Problem to work on: Quote exactly, and only, the lines from the one containing "BRILLIANT lampe Farm" through the end of the material below. Skip pictures.

Raw data:
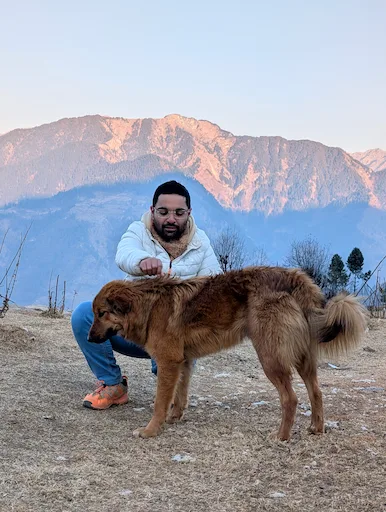 Hardeep with a mountain dog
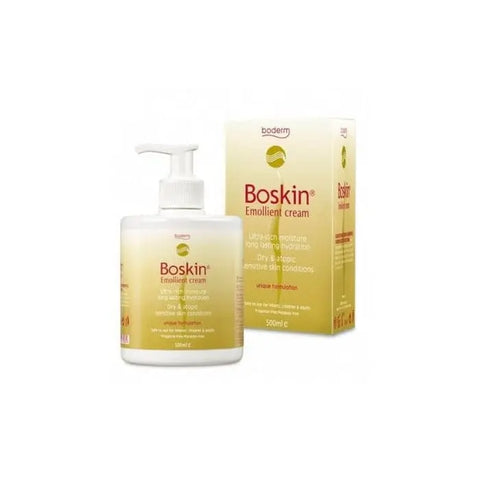 Boskin Emollient Cream 500ml jar by Jag Couture London New York, showing the white cream inside the open jar with a smooth texture.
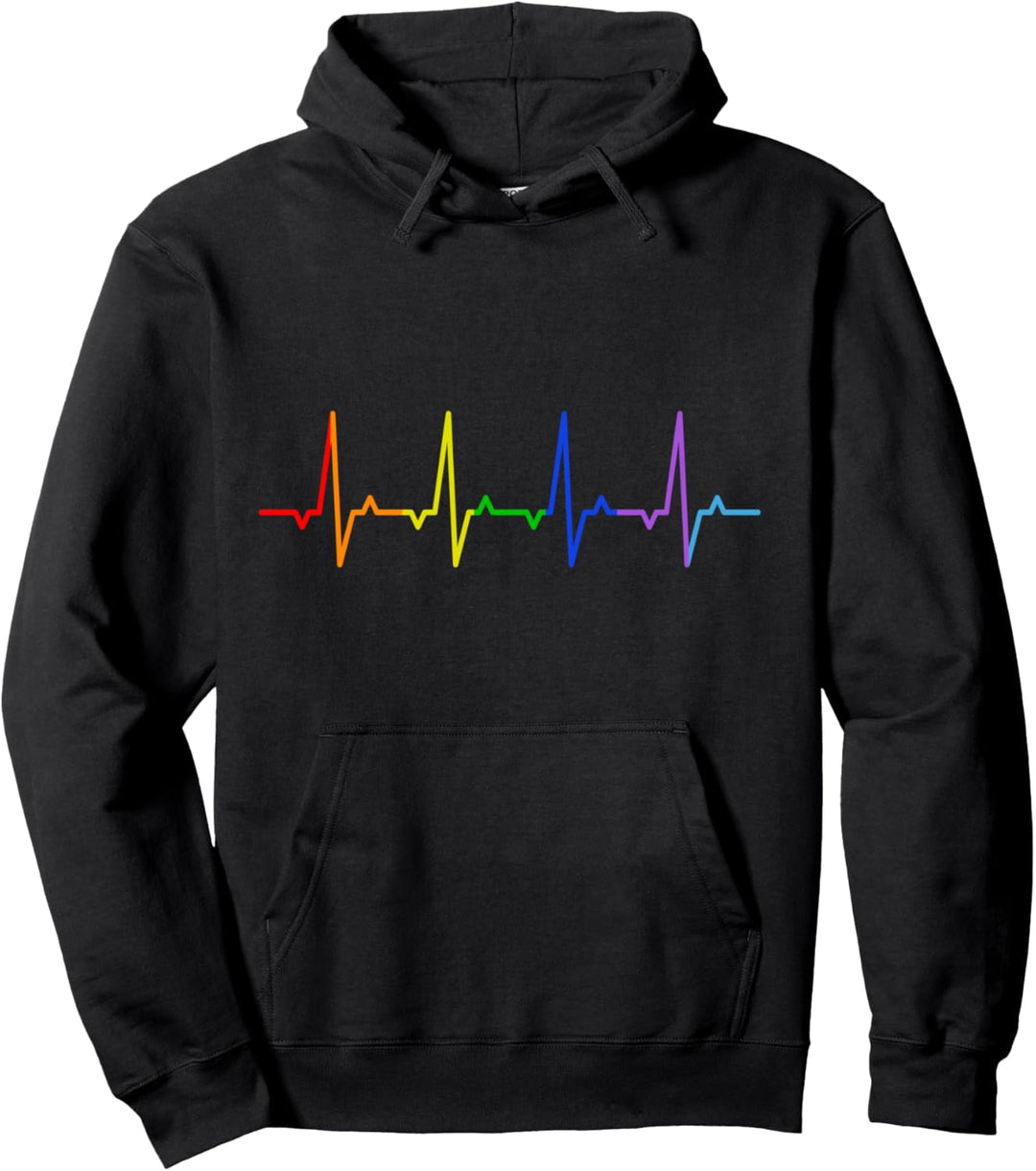 Herzschlag Regenbogen Pullover Hoodie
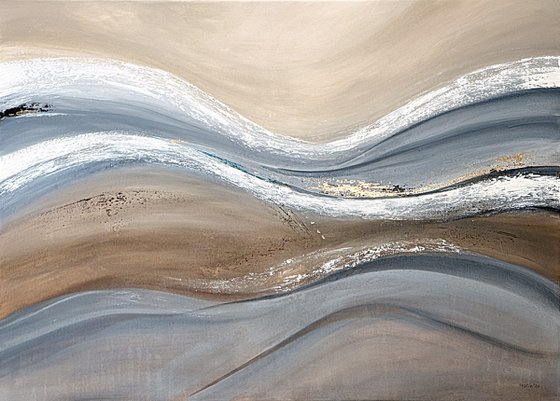 Interwoven Currents. Neutral Beige Grey Gold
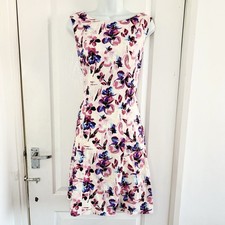 M&Co Floral Linen Dress Womens UK 18 Petite Pink Purple Summer Tea Holiday Boho
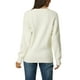 thumbnail image 3 of SUÉTER CASUAL DE PULLOVER DE PUNTO RIBETEADO DE MANGA LARGA CON CUELLO EN V Y BOTONES PARA MUJER CHIC M BLANCO, 3 of 6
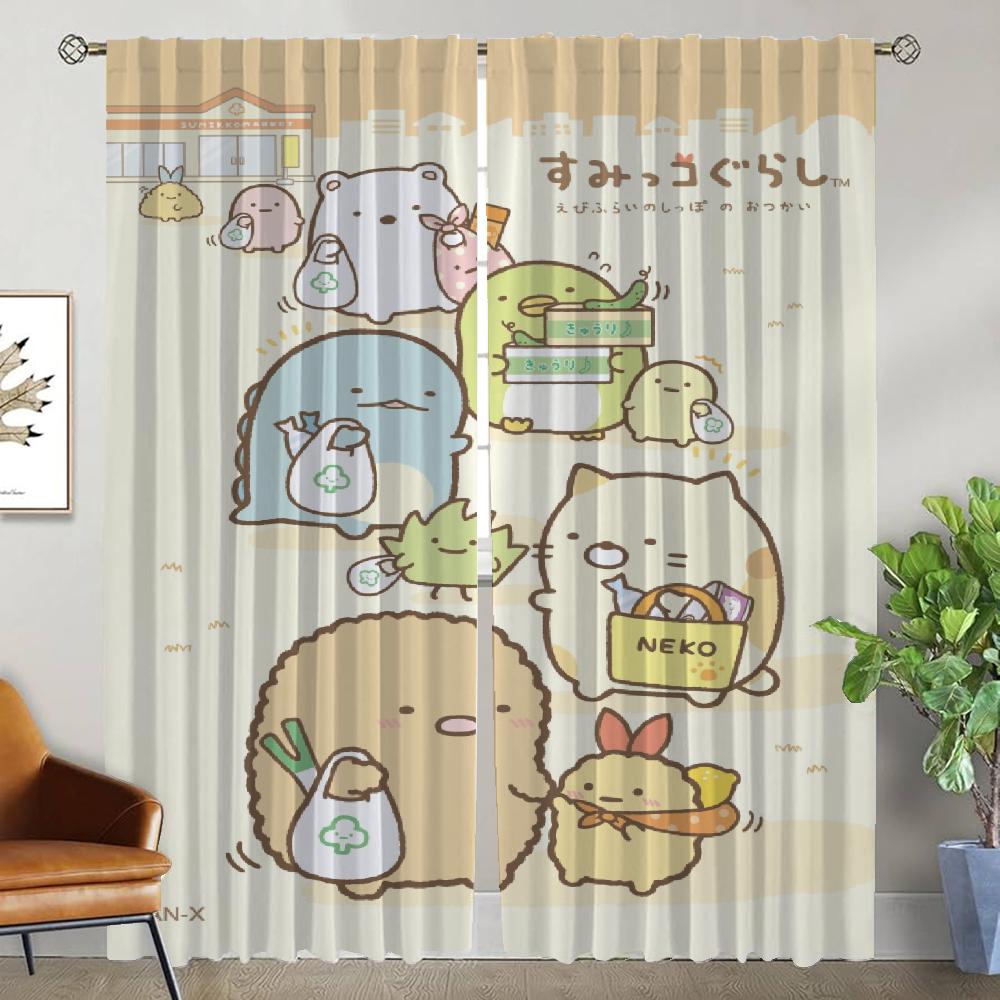 Modern Living Room Curtains for Camera Sumikko Gurashi Kitchen Curtains 2 Pieces Blackout Curtain Partition Tulle for Bedroom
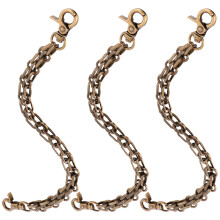 3Pcs DIY Purse Chains Light Brown Zinc Alloy Buckle Replacement Straps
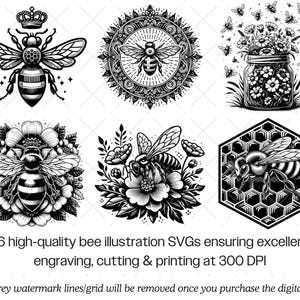 Bi SVG-paket · Blommig honungsbi honung natur Clipart PNG · Cricut bild 3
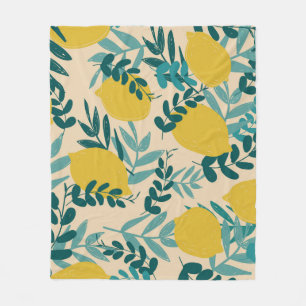 illustration. background lemons and leaves fleece blanket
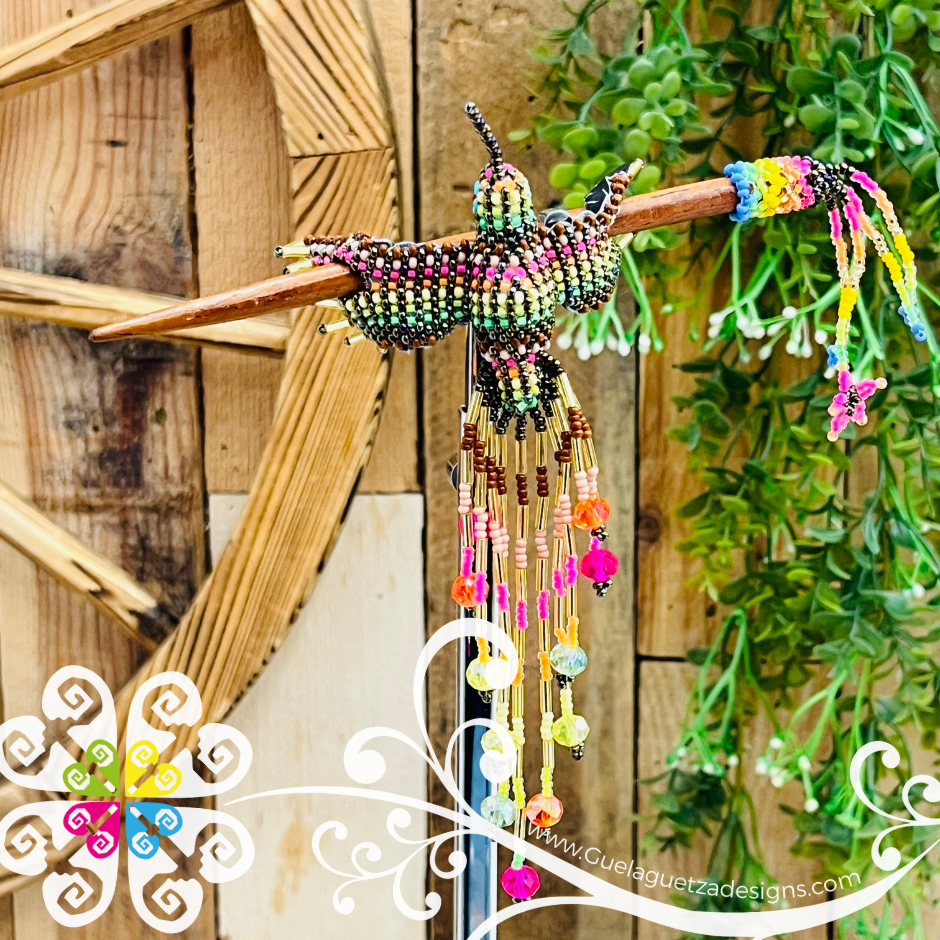 Hummingbird Beaded Hair Brooch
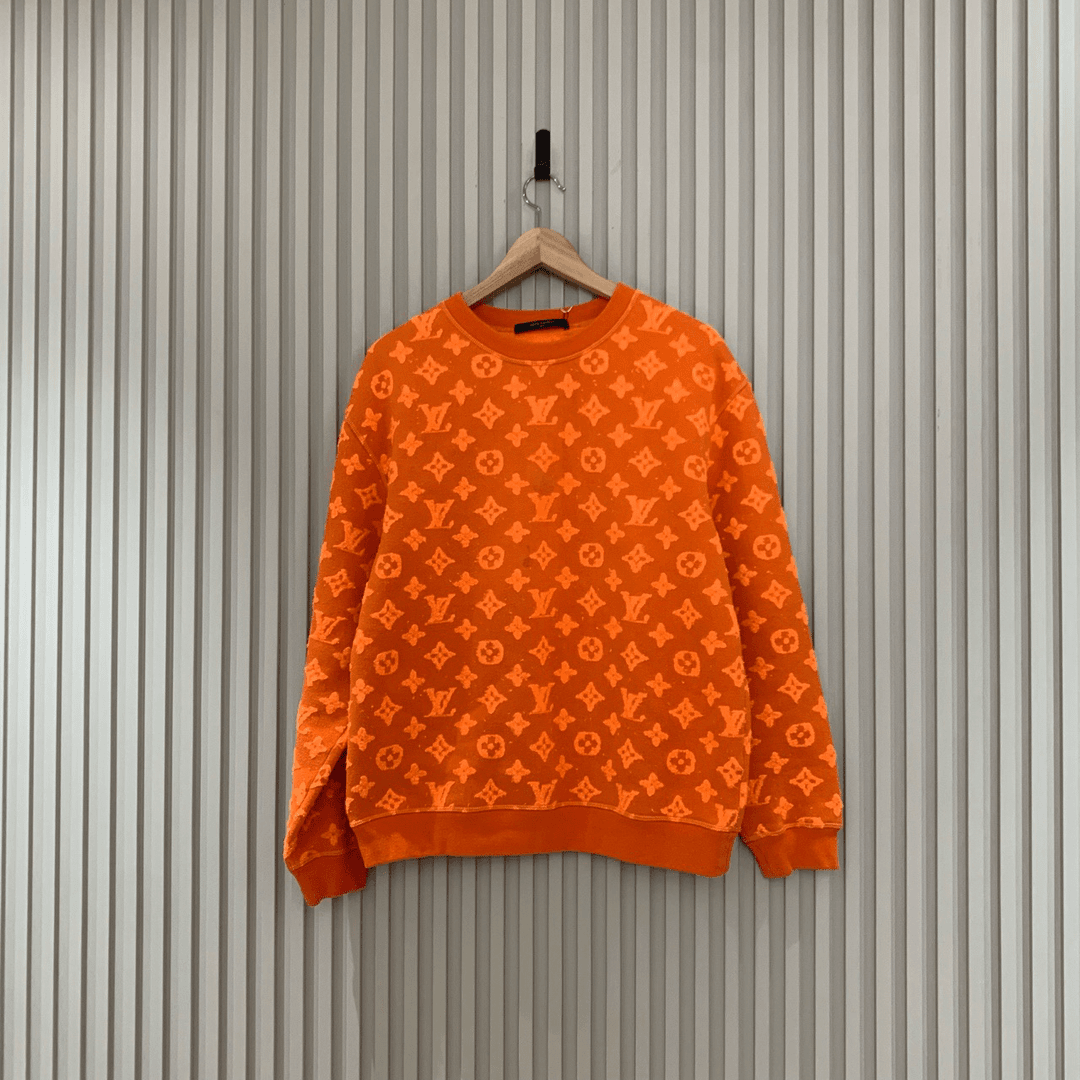 Louis Vuitton 橘色植绒老花满印卫衣/s码/99新/13038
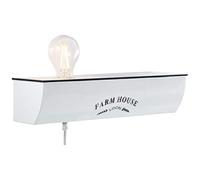 BRILLIANT lampe Farm Life applique murale et interrupteur blanc brillant | 1x A60, E27, 40W, adapté aux lampes normales (non inclus) | Échelle A ++ à E | Y compris la ligne d'alimentation et la prise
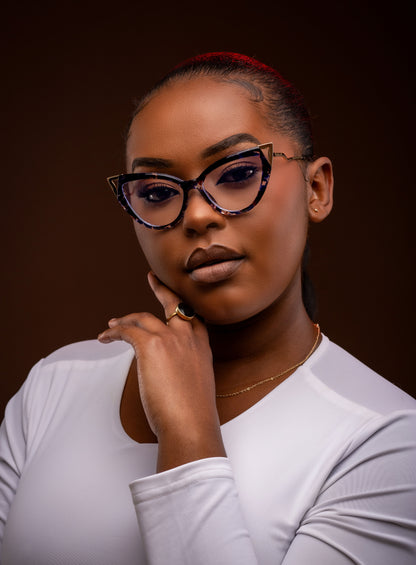 Anna collection, bold black and blue print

Output for this task:
 BRILLIANT lampe Farm Life applique murale et interrupteur blanc brillant | 1x A60, E27, 40W, adapté aux lampes normales (non inclus) | Échelle A ++ à E | Y compris la ligne d'alimentation et la prise
 Anna collection, bold black and blue print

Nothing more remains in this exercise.